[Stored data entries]
- - - - - - -

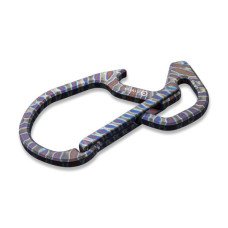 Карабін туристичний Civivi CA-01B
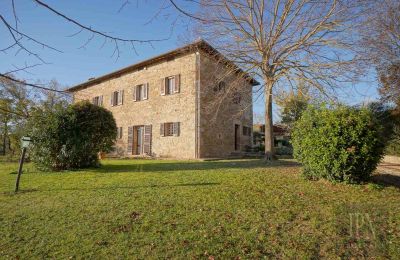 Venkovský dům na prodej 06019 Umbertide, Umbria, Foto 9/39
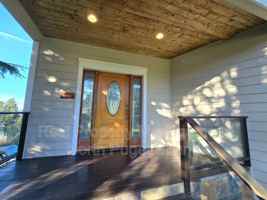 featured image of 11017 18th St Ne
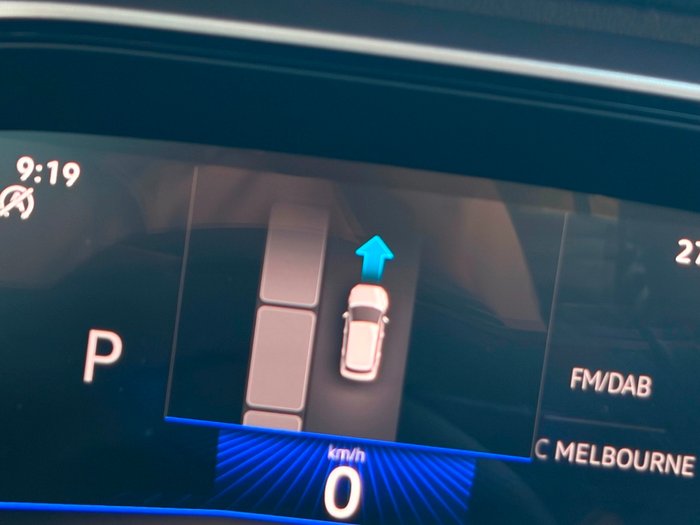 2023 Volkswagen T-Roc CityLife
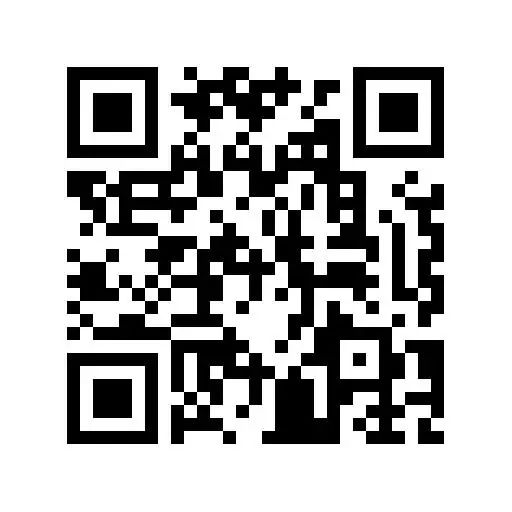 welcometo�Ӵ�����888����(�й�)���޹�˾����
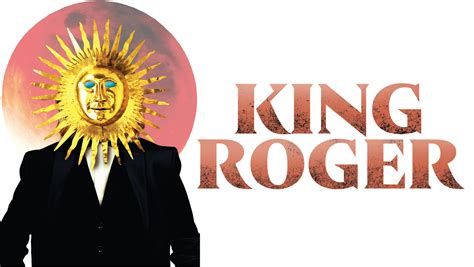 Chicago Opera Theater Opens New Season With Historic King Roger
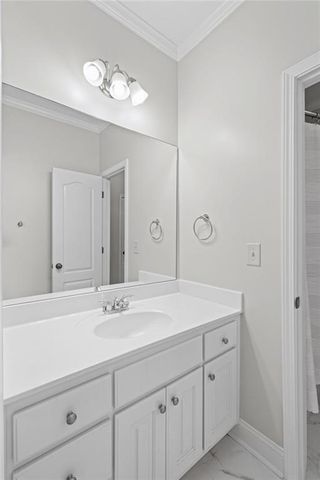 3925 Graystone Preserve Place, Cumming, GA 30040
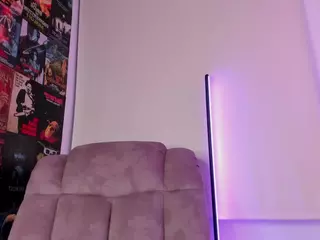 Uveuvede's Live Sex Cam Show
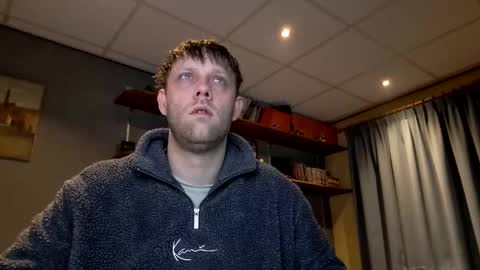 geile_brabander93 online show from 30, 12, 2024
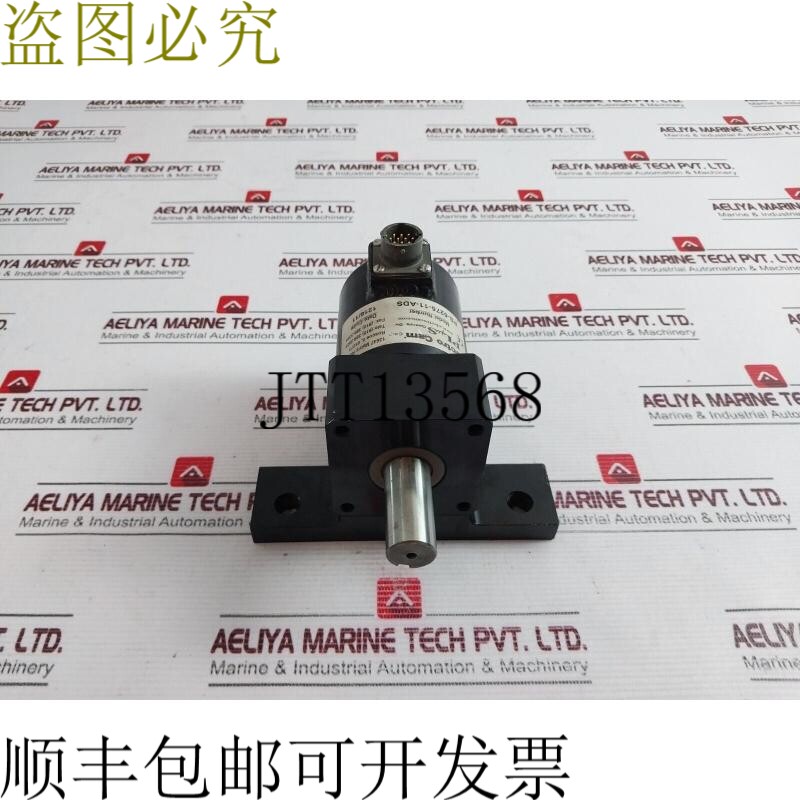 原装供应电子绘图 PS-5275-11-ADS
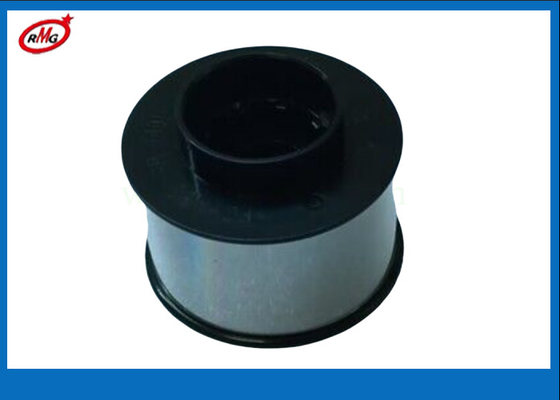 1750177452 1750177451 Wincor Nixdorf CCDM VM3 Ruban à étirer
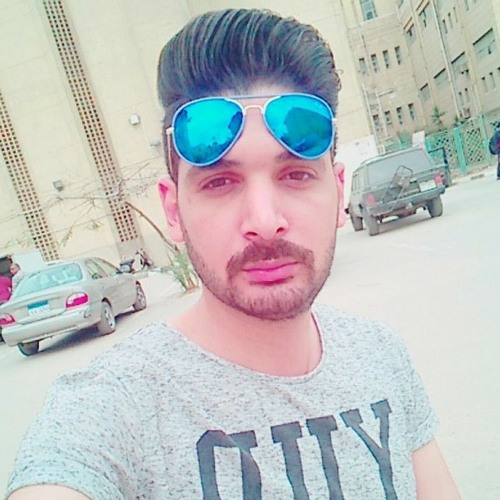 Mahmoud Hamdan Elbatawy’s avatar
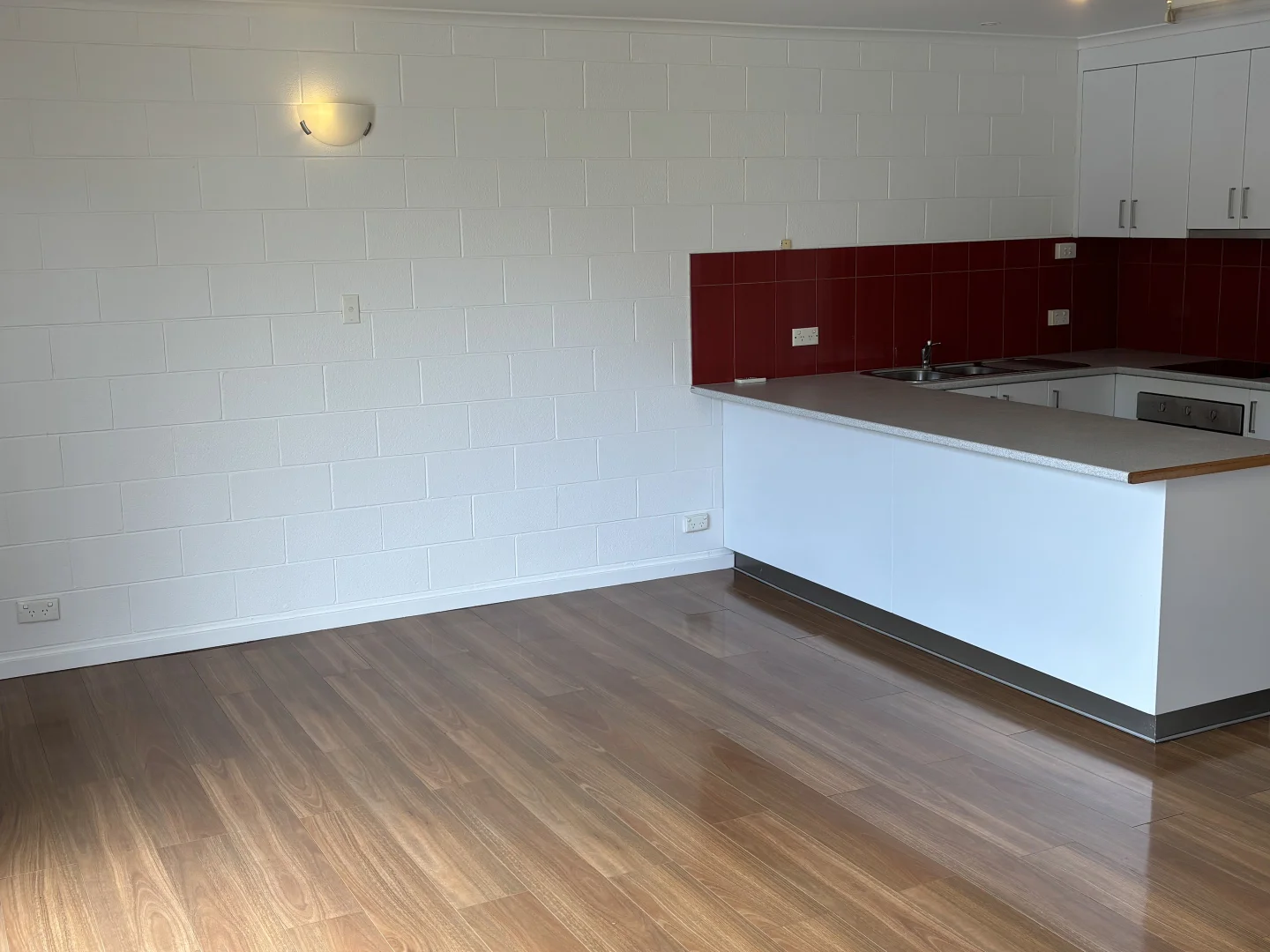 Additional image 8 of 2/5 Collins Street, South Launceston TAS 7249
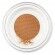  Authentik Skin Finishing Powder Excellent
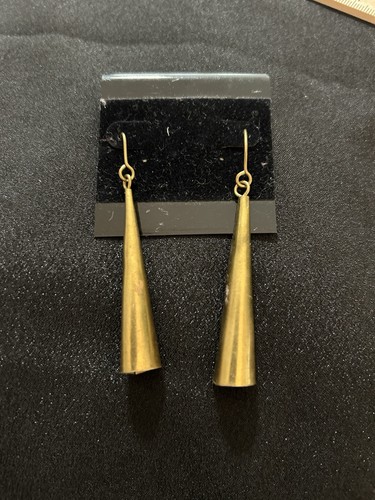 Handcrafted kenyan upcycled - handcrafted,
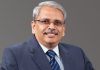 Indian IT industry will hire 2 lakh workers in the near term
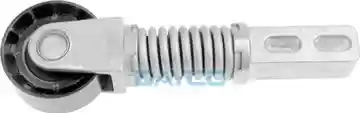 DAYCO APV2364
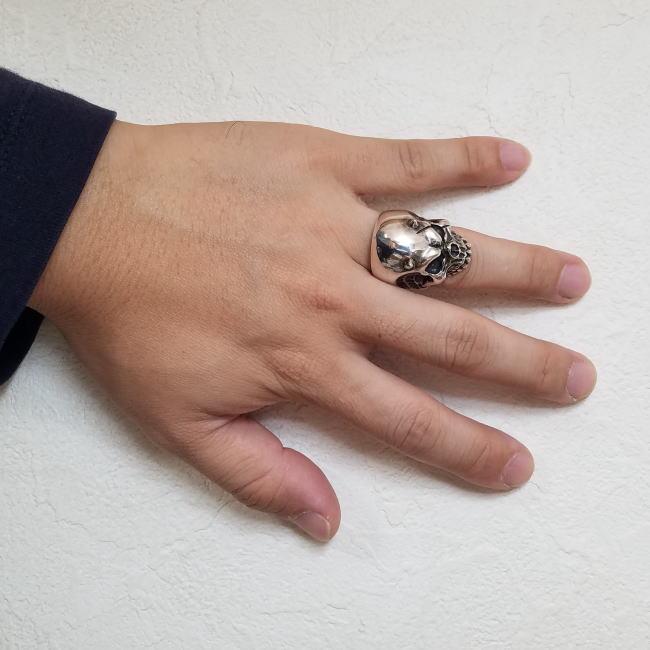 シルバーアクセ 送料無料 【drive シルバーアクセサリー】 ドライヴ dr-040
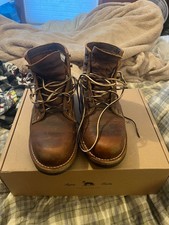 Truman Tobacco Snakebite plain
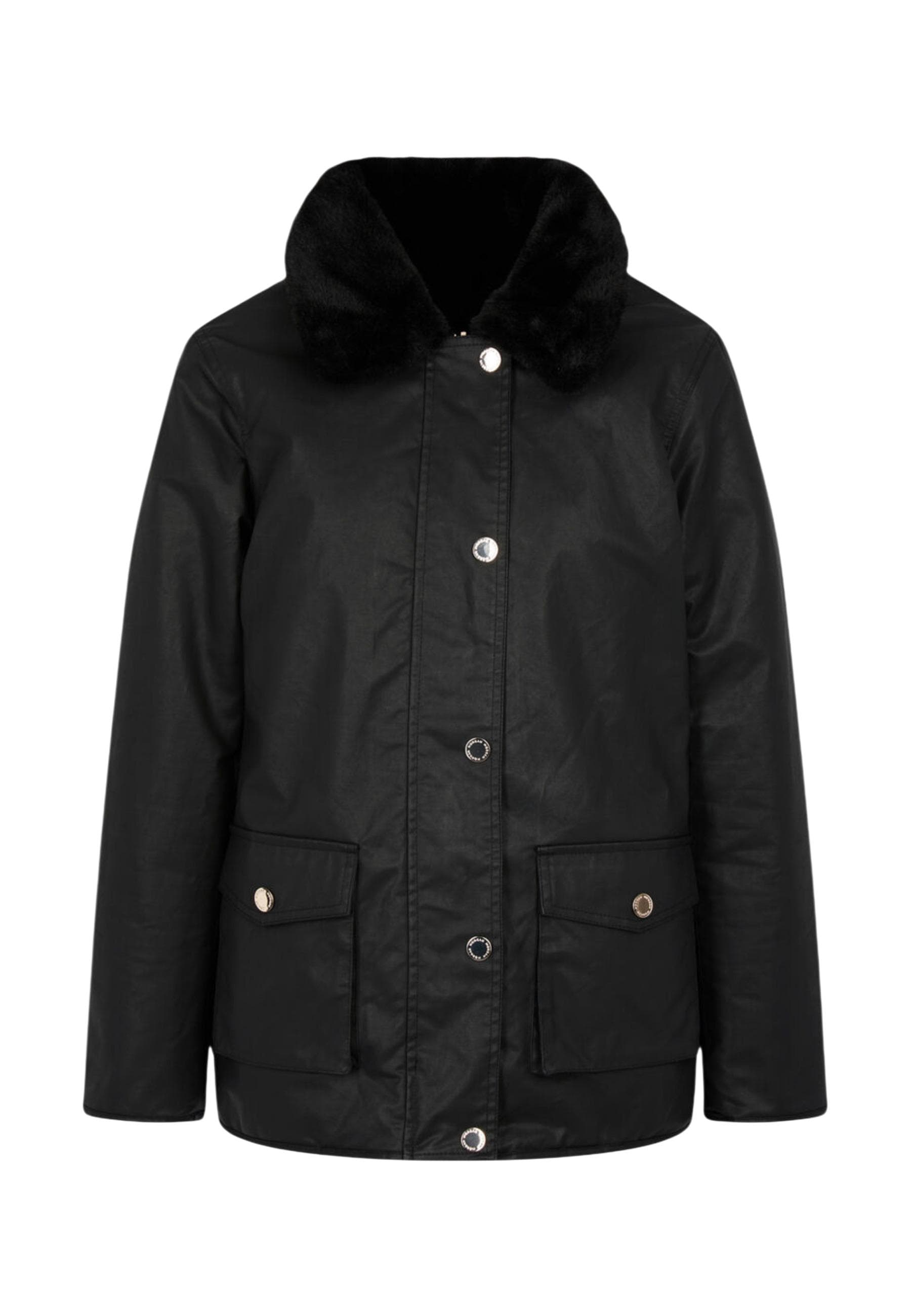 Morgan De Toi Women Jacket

- - - - - - -

▸ **Problem requirements**
Print the records above word for word, omitting any picture they contain.

▸ **Task answer**
 Карабін туристичний Civivi CA-01B
 Venkovský dům na prodej 06019 Umbertide, Umbria, Foto 9/39
 featured image of 11017 18th St Ne
 2023 Volkswagen T-Roc CityLife
 welcometo�Ӵ�����888����(�й�)���޹�˾����
 Chicago Opera Theater Opens New Season With Historic King Roger
 3925 Graystone Preserve Place, Cumming, GA 30040
 Uveuvede's Live Sex Cam Show
 geile_brabander93 online show from 30, 12, 2024
 原装供应电子绘图 PS-5275-11-ADS
 1750177452 1750177451 Wincor Nixdorf CCDM VM3 Ruban à étirer
 Mahmoud Hamdan Elbatawy’s avatar
 Additional image 8 of 2/5 Collins Street, South Launceston TAS 7249
  Authentik Skin Finishing Powder Excellent
 Handcrafted kenyan upcycled - handcrafted,
 Indian IT industry will hire 2 lakh workers in the near term
 DAYCO APV2364
 シルバーアクセ 送料無料 【drive シルバーアクセサリー】 ドライヴ dr-040
 Truman Tobacco Snakebite plain
 Morgan De Toi Women Jacket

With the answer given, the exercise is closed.